── Data to use

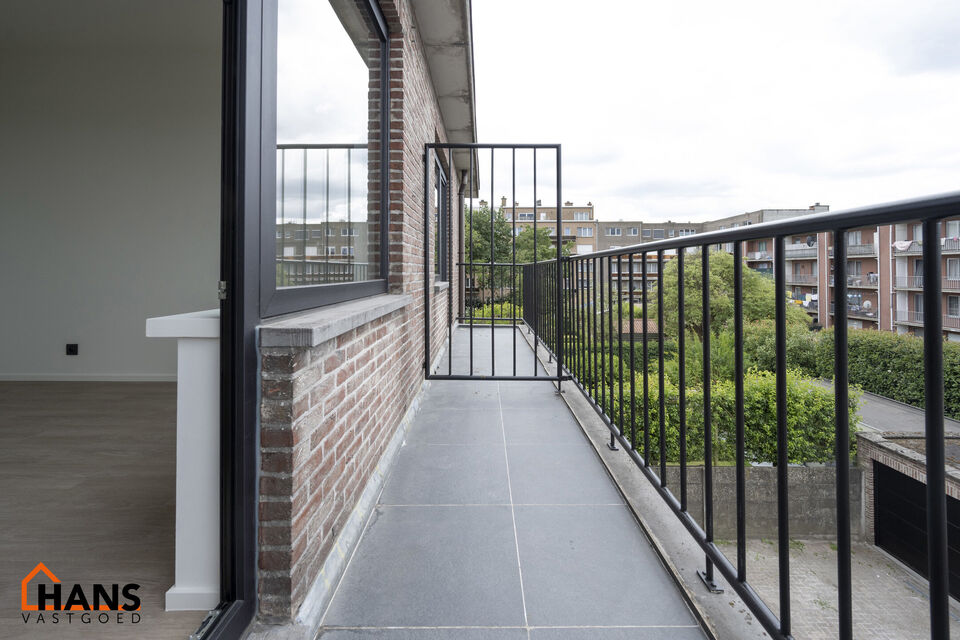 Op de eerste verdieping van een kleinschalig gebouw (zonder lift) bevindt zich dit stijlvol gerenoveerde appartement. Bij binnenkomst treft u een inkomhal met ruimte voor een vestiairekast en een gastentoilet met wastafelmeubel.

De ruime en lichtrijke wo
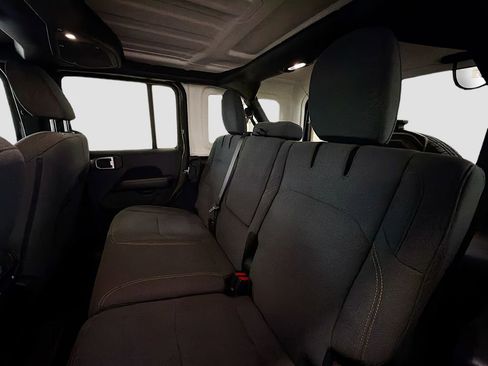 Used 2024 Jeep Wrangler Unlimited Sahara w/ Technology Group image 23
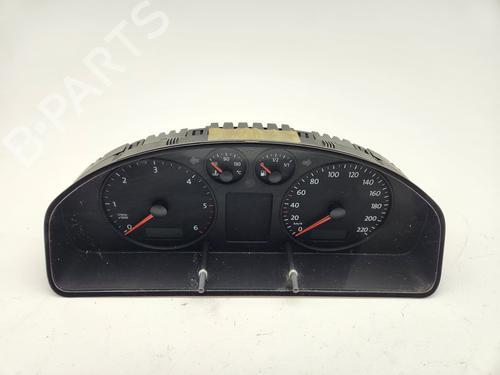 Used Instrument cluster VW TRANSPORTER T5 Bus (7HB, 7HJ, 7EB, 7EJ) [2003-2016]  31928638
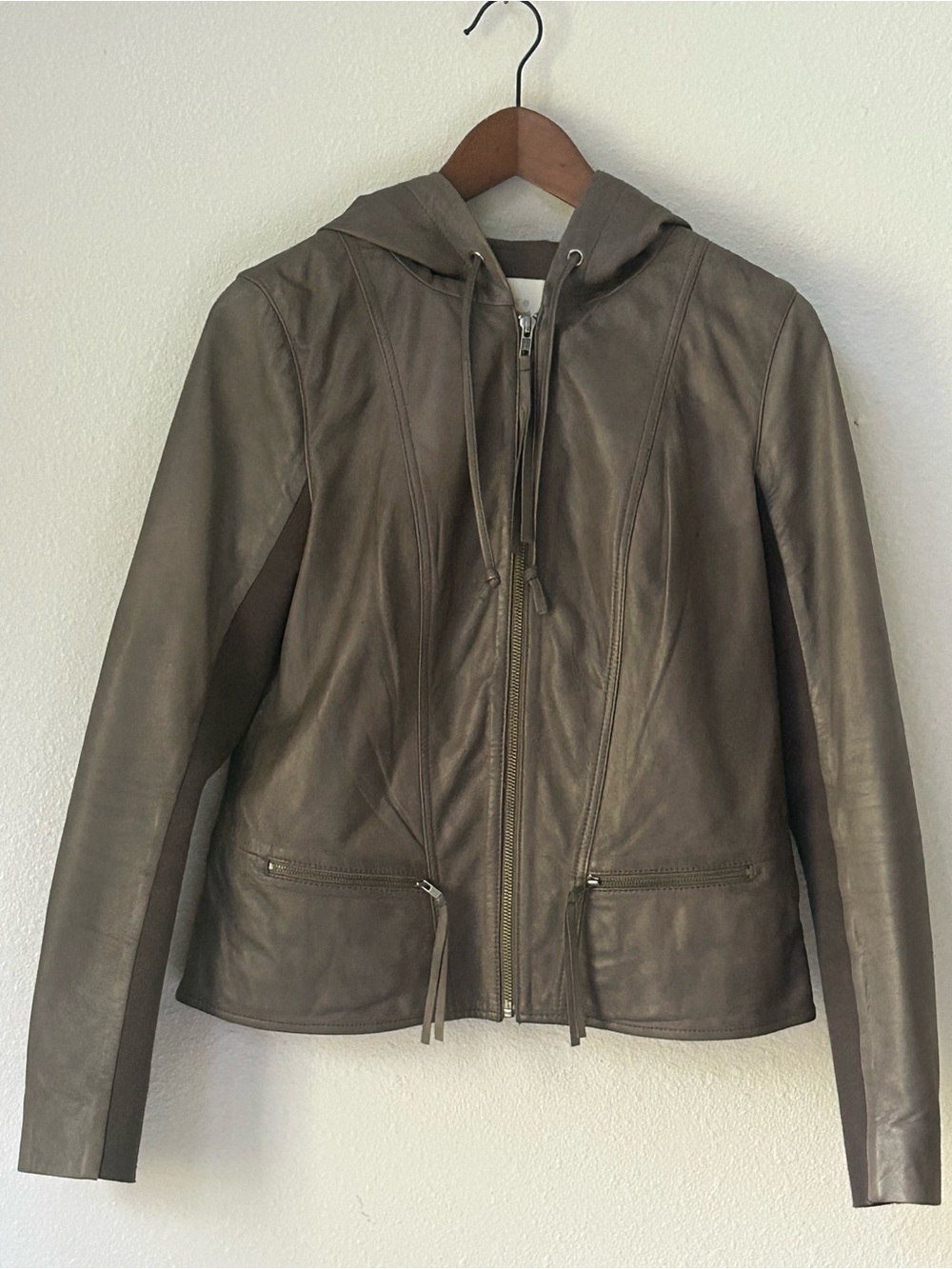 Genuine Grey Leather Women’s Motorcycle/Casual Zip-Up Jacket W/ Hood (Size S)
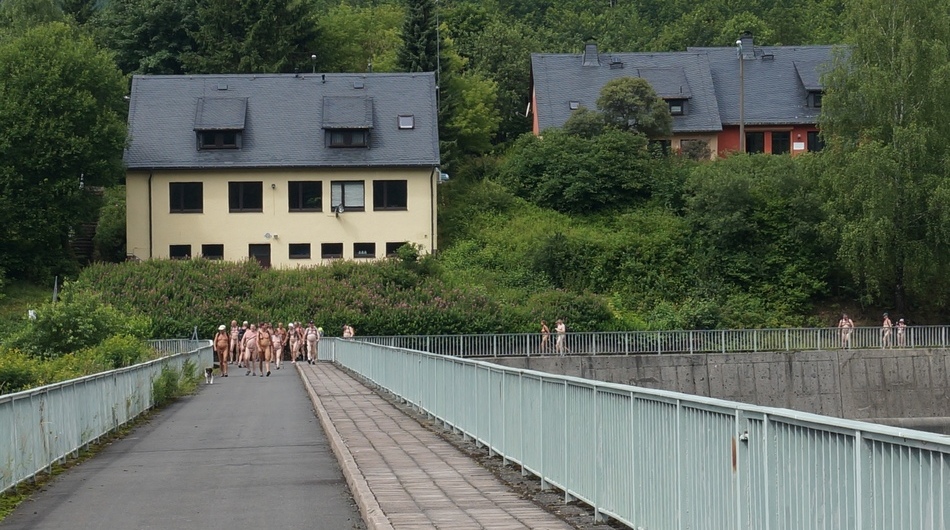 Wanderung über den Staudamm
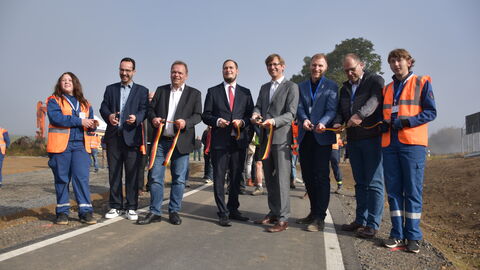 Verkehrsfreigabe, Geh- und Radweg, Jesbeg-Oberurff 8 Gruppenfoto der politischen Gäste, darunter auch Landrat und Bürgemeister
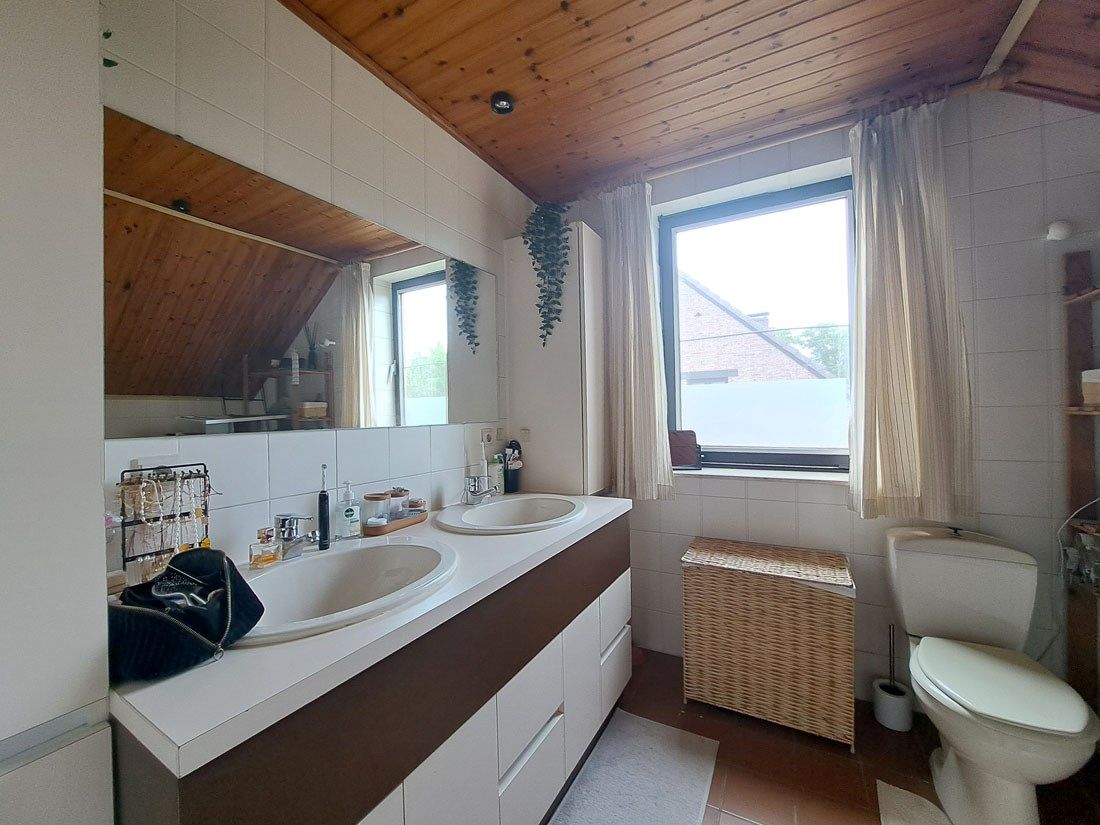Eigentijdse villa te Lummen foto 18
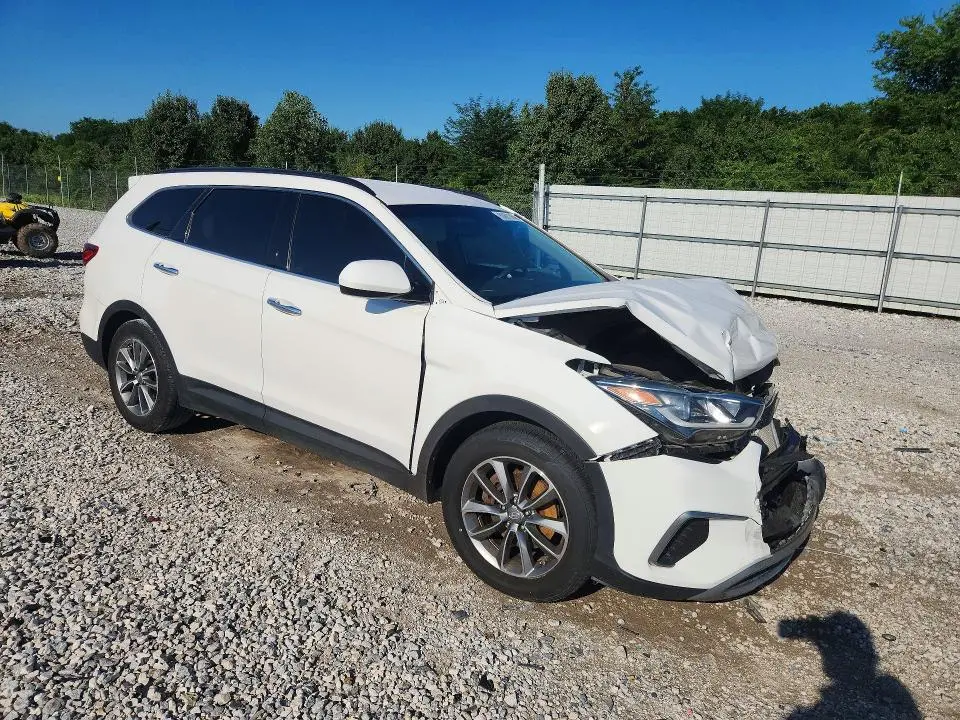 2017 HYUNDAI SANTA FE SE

────

**Your task:**
Once the pictures are set aside, what is needed is the lines from the line with "Genuine Grey Leather" through the end of the data, written out exactly and alone.

**Exercise output:**
 Genuine Grey Leather Women’s Motorcycle/Casual Zip-Up Jacket W/ Hood (Size S)
 Wanderung über den Staudamm
 Verkehrsfreigabe, Geh- und Radweg, Jesbeg-Oberurff 8 Gruppenfoto der politischen Gäste, darunter auch Landrat und Bürgemeister
Eigentijdse villa te Lummen foto 18
 2017 HYUNDAI SANTA FE SE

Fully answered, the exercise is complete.